◆ **Directions for this task**:
In your copy, leave out the pictures and output only the lines from the one holding "N0165B Spring Turntable" through the end of the data below, exactly.
#### Provided data
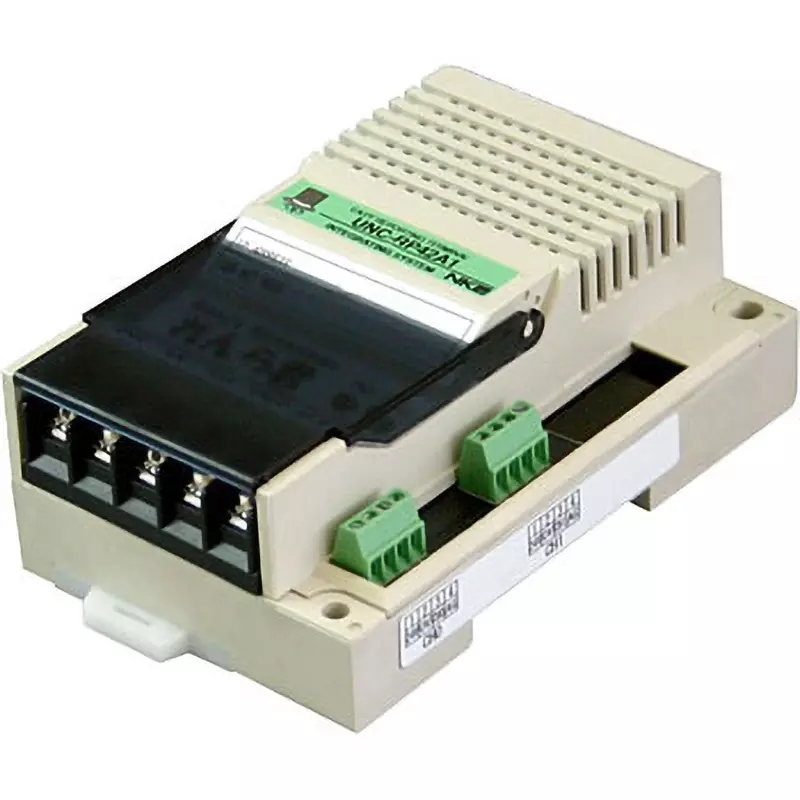NKE Analog Ren-kun Output AC100 (with adapter) V Power Supply Voltage, UNC-RP42A1A
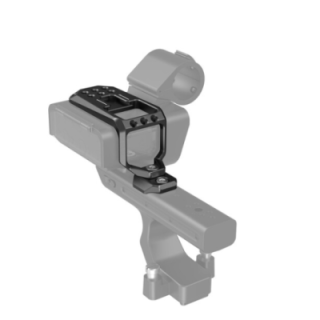 SmallRig MD3990 - Top Plate for Sony FX3 XLR Unit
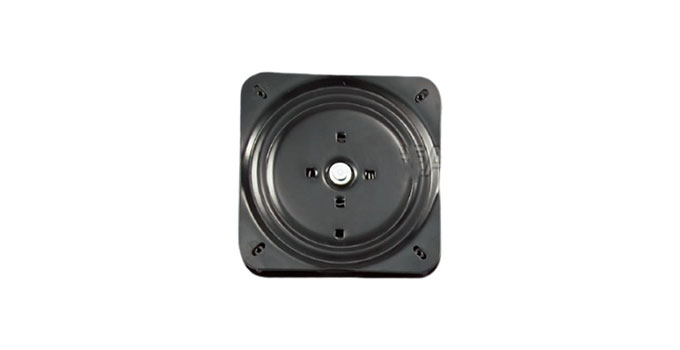 N0165B Spring Turntable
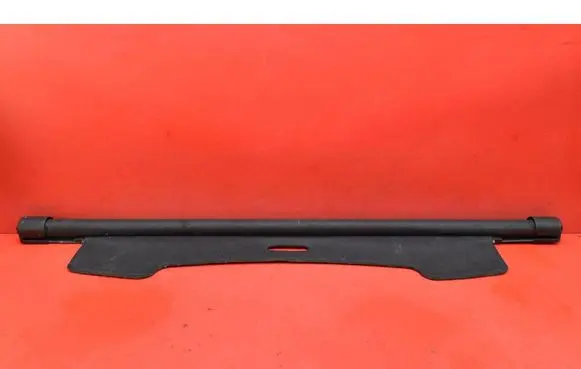 Dacia Lodgy Parcel shelf load cover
########
◆ **Output for this exercise**:
 N0165B Spring Turntable
 Dacia Lodgy Parcel shelf load cover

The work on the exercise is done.